Range of Floating-Point Numbers

The range, i.e. the amount of "space" covered on the real line, from -infinity to +infinity is given in the next table, where we show the normalized and denormalized ranges for single (32 bits) and double (64 bits) precisions.

But if you want to remember the effective range that is afforded by the two precisions, remember this simplified table:

The gap between floats is not constant, as with Fixed-Point

Because floating-point numbers have an exponent, the larger the number is, the farther away it is from its direct neighbors. This is best illustrated if we consider the format with only 8 bits in length, with 1 bit for the sign, 3 bits for the exponent, and 4 bits for the mantissa. 3 bits for the exponent means that the largest stored exponent will be 7, and hence our bias will be 3.

The table below shows all the real numbers we could represent with such a format ( here's the program used to generate the table).

Notice that when the numbers are large, the difference between two consecutive floats is large. For example -15.5 and -15.0. The format cannot represent any real number in between. But when the numbers are small in magnitude, the difference between two of them can be quite small, as with 0.015625 and 0.0078125.

This range is illustrated below in a graph showing each represented real number between -15.5 and +15.5.

Another good representation of the varying resolution of the format is illustrated by this picture, taken from Izquierdo & Polhill article on floating-point errors^[8].

Why a bias of 127 instead of using 2's complement?

The reason the IEEE format uses a bias rather than 2's complement for the exponent is obvious when you look at several values and their representation in binary:

Notice that the 3 numbers are listed in increasing order of magnitude, and if you look at the exponents, they as well are in increasing order. It means that if you have two positive floating point numbers and you want to know which one is larger than the other one, you can do a simple comparison of the two as if they were unsigned integers, and you get the correct answer. And the best part is that you don't have to unpack the floating-point numbers in order to compare them. The same is true of two negative floating point numbers: if you clear the sign bits, the one with the largest unsigned magnitude is more negative than the other one. You can figure out how to compare one positive float to a negative float! :-)

Time to Play: An Applet

Click on the image below to open up Harald Schmidt's neat Floating-Point to Decimal converter. An alternative is this converter, created by Werner Randelshofer.

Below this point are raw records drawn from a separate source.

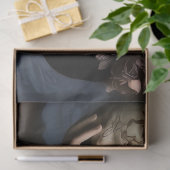 Romantic Dark Decoupage 薄葉紙 (ギフト)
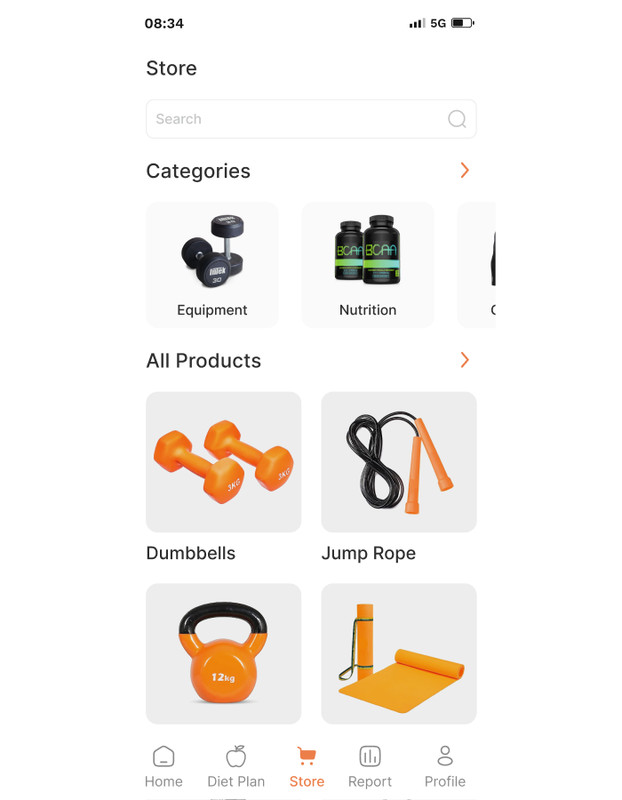 FitCoach - Fitness Flutter App | AI Fitness Assistant | Android + iOS | Laravel gallery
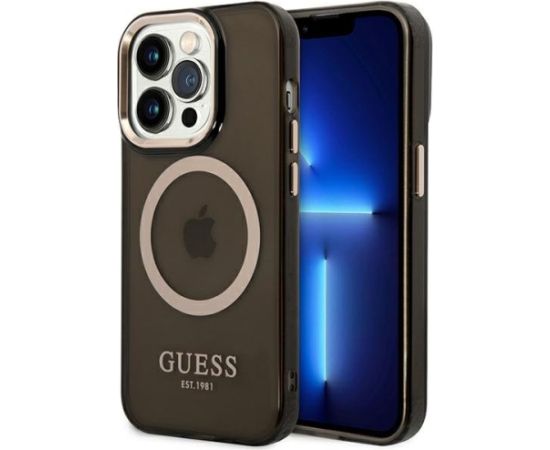 Guess GUHMP14XHTCMK Чехол для Apple iPhone 14 Pro Max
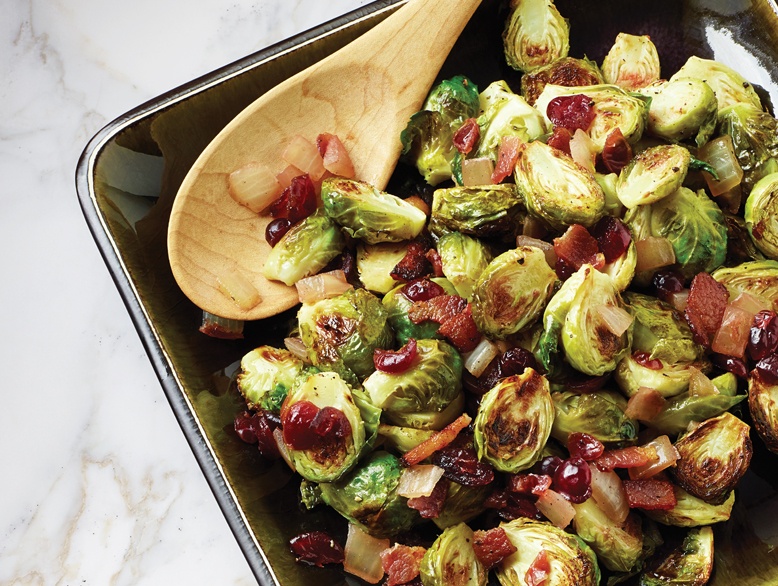 roasted-brussels-sprouts-cranberries-bacon-recipe-walmart-live-better-fall-2013-2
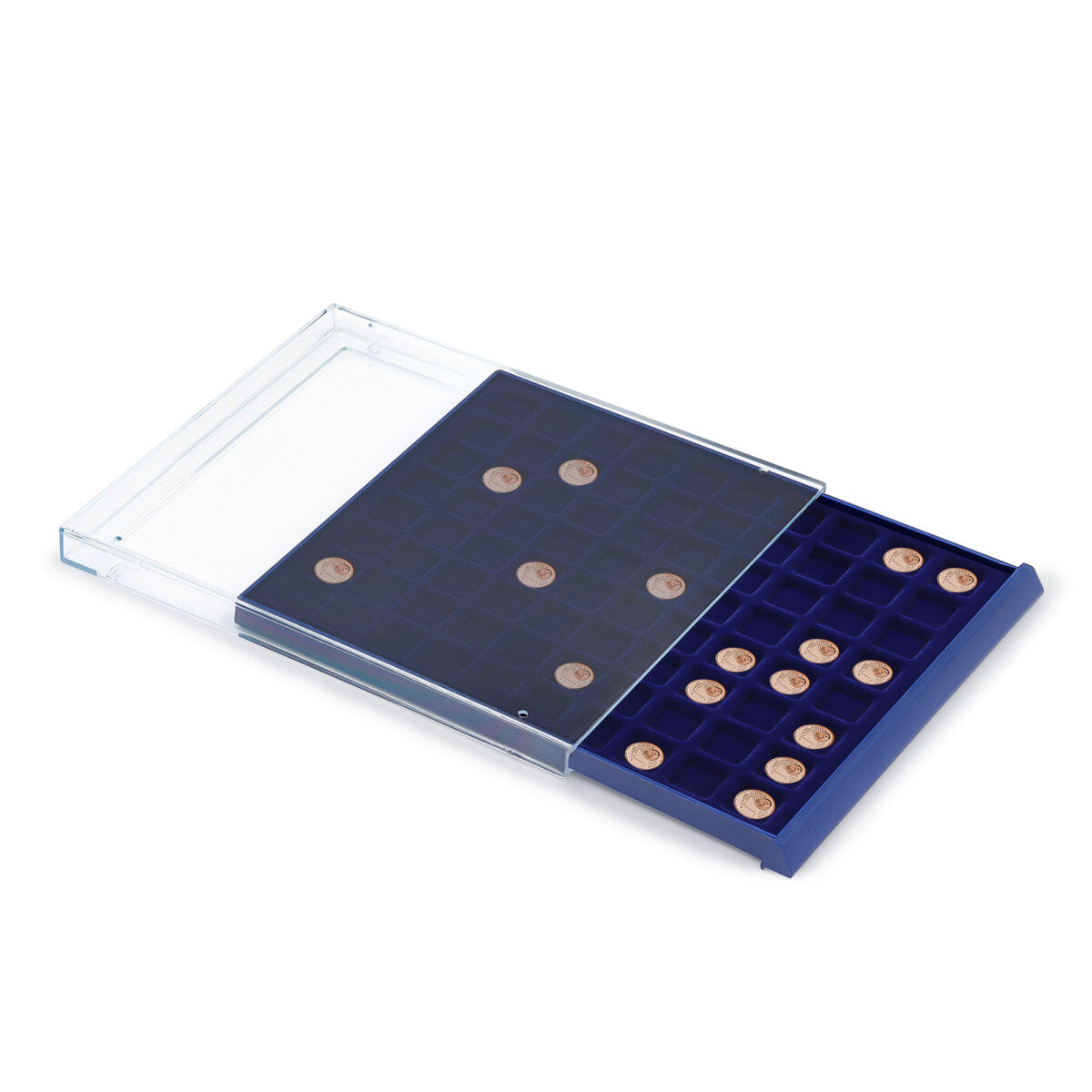 N° 6317 80 x 17 mm Ø, (par exemple 1 Pfg, 1 Ct)
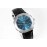 Bvlgari Octo Roma 41mm Dial Leather Strap Watch For Men Blue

• Does this applet support NaN, and ∞?
• Are there several different representations of +∞?
• What is the largest float representable with the 32-bit format?
• What is the smallest normalized float (i.e. a float which has an implied leading 1. bit)?
• What is the smallest unnormalized float (when the leading 1. is not implied)?

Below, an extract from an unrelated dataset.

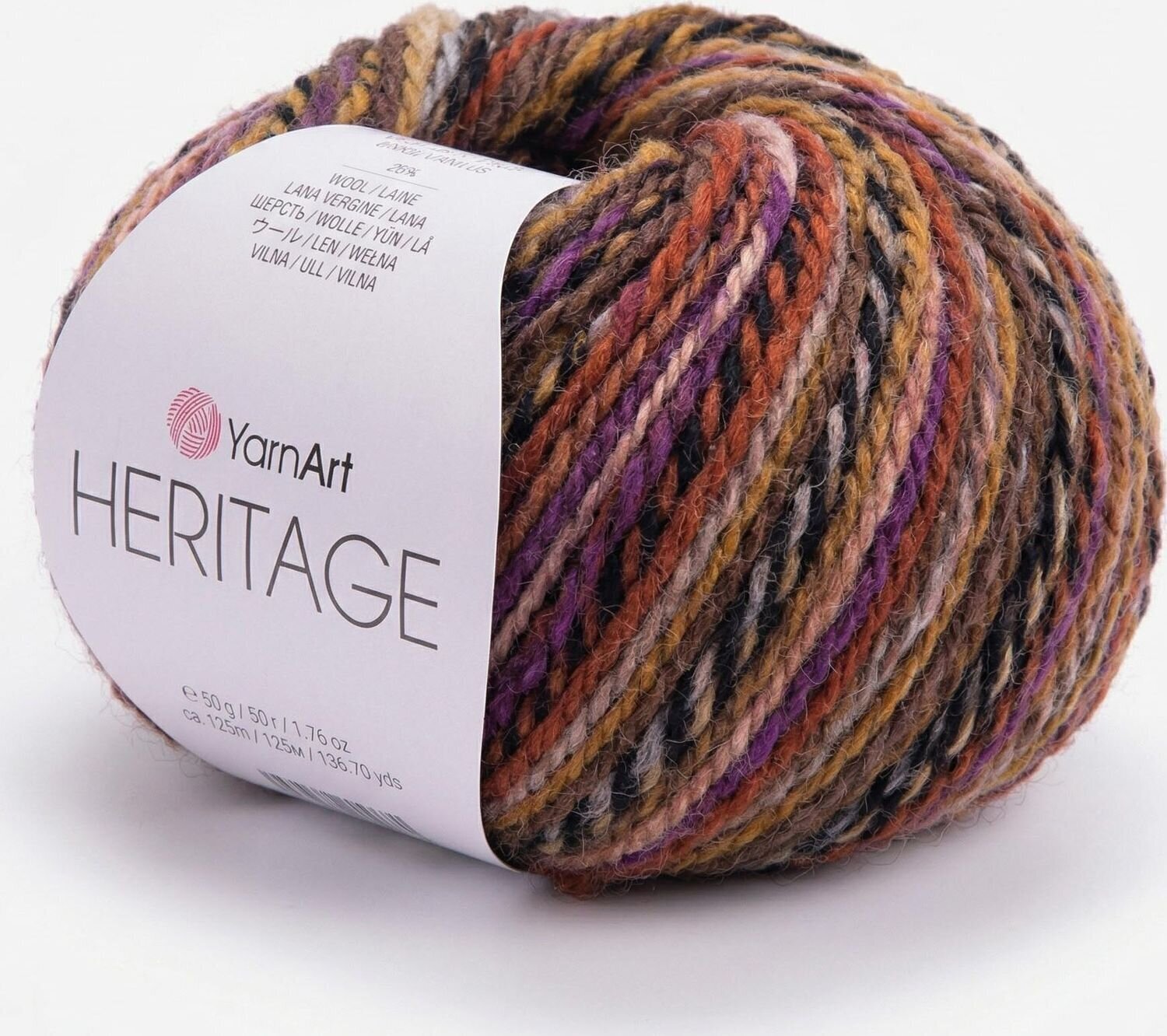 Pletacia priadza Yarn Art Heritage 335 Pletacia priadza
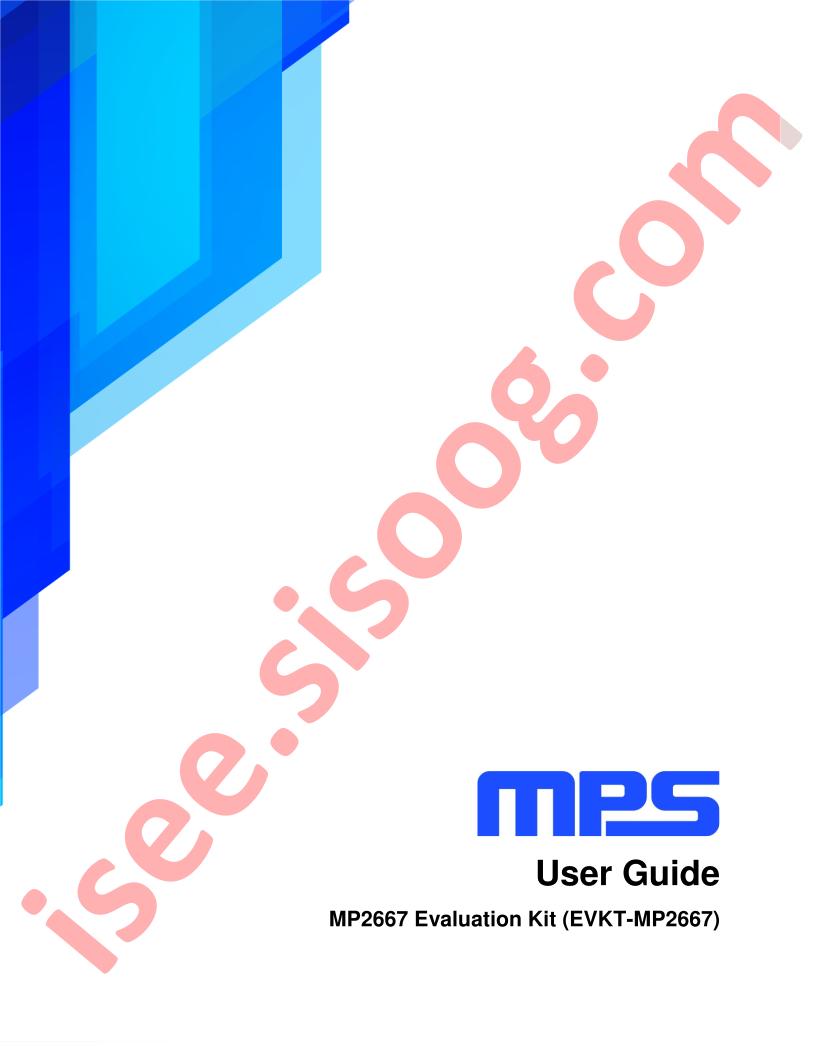 EVKT-MP2667 User Guide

Unexpected Results with Floating Point arithmetic

This example is taken from Lahey's page.

// FloatingPointStrange3.java
// taken from http://www.lahey.com/float.htm

class FloatingPointStrange3 {
   
    
    public static void main( String args[] ) {
	float x, y, y1, z, z1;

	x = 77777.0f;
	y = 7.0f;
	y1 = 1.0f / y;
	z = x / y;
	z1 = x * y1;
	
	if ( z != z1 ) {
	    System.out.println( String.format( "%1.3f != %1.3f", z, z1 ) );
	    System.out.println( String.format( "%1.30f != %1.30f", z, z1 ) );
	}
	else {
	    System.out.println( String.format( "%1.3f == %1.3f", z, z1 ) );
	    System.out.println( String.format( "%1.30f == %1.30f", z, z1 ) );
	}
			    
    }
}

Output

If we compile and run the java program above, we get this output:

$ javac FloatingPointStrange3.java
$ java FloatingPointStrange3
11111.000 != 11111.001
11111.000000000000000000000000000000 != 11111.000976562500000000000000000000

Notice that the two numbers which mathematically should be correct, aren't in 32-bit IEEE format. If we replace the floats by doubles we get:

11111.000 == 11111.000
11111.000000000000000000000000000000 == 11111.000000000000000000000000000000

Different results depending on the precision selected. With single precision, the result is inexact. With double precision it is mathematically exact!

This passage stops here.